AxisIndices

Introduction

The goals of this package are:

Facilitate multidimensional indexing (e.g., instance_of_an_array[indices]) that supports semantic user facing indices (e.g., indices = Second(1)).
Accomplishing the first goal should not interfere in the ability to perform the vast majority of array related methods (e.g, vcat, append!, etc.).
It should be easy to implement new subtypes of AbstractAxis that accommodate novel behavior and needs.

These goals are accomplished predominantly through the AbstractAxis type.
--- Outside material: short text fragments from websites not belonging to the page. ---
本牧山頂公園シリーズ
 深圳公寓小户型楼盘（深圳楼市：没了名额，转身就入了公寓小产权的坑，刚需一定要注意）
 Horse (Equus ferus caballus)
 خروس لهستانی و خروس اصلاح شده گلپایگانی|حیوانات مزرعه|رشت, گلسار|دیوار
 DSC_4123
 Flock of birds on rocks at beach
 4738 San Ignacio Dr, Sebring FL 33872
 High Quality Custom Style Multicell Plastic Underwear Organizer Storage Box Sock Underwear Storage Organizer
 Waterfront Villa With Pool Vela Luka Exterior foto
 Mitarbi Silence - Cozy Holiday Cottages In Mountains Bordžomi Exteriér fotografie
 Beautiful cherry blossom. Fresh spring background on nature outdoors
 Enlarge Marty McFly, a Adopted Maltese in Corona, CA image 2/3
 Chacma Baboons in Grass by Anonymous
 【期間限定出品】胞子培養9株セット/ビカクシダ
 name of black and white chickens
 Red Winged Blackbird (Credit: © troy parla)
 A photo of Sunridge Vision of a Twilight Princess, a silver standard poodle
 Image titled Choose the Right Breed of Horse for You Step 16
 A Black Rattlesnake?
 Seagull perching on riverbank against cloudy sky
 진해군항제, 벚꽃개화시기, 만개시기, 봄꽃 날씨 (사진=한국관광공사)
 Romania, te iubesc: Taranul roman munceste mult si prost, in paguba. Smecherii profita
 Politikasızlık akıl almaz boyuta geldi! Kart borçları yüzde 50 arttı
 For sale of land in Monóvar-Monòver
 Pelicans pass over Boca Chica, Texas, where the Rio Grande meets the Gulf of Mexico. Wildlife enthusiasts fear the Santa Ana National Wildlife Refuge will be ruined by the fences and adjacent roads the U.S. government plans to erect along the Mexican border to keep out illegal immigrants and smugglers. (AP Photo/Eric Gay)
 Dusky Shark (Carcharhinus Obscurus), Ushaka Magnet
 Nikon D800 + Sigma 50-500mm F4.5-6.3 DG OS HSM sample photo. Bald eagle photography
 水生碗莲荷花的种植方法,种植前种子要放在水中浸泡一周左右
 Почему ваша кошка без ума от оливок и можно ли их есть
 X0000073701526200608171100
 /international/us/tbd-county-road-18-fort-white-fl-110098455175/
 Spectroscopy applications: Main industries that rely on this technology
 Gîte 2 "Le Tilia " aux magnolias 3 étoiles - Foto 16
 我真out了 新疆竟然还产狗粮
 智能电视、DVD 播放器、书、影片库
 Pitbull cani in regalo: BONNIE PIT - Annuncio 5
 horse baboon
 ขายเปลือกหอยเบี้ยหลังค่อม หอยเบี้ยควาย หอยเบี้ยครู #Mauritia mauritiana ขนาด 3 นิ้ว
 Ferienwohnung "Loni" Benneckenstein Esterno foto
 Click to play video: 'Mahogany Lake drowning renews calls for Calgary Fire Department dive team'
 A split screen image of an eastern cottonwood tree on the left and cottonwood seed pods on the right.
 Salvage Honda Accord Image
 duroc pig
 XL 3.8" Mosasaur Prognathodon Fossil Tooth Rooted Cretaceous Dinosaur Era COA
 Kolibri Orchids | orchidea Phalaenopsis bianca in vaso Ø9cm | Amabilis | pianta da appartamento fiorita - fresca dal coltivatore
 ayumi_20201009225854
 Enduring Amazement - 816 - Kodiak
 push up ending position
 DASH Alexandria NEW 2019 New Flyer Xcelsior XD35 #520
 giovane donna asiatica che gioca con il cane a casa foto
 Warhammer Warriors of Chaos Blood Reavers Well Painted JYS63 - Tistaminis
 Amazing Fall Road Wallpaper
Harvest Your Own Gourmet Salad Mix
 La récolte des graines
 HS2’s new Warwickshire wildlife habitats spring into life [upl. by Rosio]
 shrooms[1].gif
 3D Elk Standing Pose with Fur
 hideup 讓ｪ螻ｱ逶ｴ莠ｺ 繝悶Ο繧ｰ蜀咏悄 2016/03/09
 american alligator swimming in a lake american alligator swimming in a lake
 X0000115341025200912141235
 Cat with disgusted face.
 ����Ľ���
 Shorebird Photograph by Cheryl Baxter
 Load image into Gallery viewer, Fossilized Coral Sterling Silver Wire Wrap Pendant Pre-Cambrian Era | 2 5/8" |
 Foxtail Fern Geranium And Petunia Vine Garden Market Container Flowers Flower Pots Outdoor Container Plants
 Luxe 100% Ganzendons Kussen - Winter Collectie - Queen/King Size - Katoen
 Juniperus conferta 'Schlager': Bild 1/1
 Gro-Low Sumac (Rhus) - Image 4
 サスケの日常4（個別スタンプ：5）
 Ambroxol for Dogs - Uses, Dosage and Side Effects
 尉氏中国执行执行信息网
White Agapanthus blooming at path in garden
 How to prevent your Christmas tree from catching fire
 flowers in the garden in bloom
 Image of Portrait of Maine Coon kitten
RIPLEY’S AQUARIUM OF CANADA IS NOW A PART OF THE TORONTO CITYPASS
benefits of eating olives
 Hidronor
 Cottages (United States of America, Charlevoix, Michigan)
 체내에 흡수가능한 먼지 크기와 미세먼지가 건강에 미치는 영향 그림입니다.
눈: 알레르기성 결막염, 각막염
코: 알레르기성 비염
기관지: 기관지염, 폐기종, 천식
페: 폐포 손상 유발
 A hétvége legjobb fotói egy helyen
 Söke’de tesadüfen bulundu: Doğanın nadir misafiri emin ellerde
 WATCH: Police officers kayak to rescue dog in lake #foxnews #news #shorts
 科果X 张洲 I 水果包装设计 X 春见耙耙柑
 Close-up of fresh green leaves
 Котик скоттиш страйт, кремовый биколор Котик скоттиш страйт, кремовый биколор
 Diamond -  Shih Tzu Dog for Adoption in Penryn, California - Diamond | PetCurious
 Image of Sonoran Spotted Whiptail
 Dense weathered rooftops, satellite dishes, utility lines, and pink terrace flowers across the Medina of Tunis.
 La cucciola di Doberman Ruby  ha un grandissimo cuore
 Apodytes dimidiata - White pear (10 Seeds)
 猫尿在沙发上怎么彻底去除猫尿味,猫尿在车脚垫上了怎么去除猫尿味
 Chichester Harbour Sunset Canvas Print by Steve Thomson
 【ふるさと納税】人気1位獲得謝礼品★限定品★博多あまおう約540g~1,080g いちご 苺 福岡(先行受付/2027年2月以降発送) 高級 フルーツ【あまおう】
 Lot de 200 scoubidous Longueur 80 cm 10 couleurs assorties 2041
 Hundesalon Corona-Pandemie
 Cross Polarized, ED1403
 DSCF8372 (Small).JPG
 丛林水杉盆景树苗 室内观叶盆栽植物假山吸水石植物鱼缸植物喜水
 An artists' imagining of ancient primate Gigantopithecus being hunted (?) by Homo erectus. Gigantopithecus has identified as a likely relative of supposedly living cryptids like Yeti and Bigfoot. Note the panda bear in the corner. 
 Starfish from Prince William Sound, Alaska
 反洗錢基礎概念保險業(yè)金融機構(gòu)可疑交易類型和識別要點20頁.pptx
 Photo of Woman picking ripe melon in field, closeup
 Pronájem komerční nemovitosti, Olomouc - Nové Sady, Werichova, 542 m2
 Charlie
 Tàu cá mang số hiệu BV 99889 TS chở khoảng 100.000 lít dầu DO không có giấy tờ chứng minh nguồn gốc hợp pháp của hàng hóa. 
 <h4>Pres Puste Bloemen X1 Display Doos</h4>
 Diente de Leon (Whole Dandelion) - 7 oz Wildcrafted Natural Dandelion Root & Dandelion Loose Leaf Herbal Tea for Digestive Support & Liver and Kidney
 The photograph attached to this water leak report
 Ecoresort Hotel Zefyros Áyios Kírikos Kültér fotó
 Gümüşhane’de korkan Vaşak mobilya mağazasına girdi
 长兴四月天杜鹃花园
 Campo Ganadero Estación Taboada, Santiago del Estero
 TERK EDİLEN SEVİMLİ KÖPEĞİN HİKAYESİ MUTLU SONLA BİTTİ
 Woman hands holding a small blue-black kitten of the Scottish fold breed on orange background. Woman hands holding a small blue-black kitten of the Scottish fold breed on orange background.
It is a subtype of AbstractUnitRange{<:Integer} with an additional interface for creating keys and interacting with them. This additional interface is intended to be easily extended to new types that may be needed for a variety of different situations. An additional AxisArray type is provided that uses any subtype of AbstractAxis for each axis. However, many methods are provided and documented internally so that it's easy for users to alter the behavior of an AxisArray with a new AbstractAxis subtype or create an entirely unique multidimensional structure.

Quick Start

Custom indexing only requires specifying a tuple of keys^[1] for the indices of each dimension.

julia> using AxisIndices

julia> A = AxisArray(reshape(1:9, 3,3),
               (2:4,        # first dimension has keys 2:4
                3.0:5.0));  # second dimension has keys 3.0:5.0

Most code should work just the same for an AxisArray...

julia> A[2, 1]
1

julia> A[2:4, 1:2] == parent(A)[1:3, 1:2]
true

julia> sum(A) == sum(parent(A))
true

But now the indices of each dimension have keys that we can filter through.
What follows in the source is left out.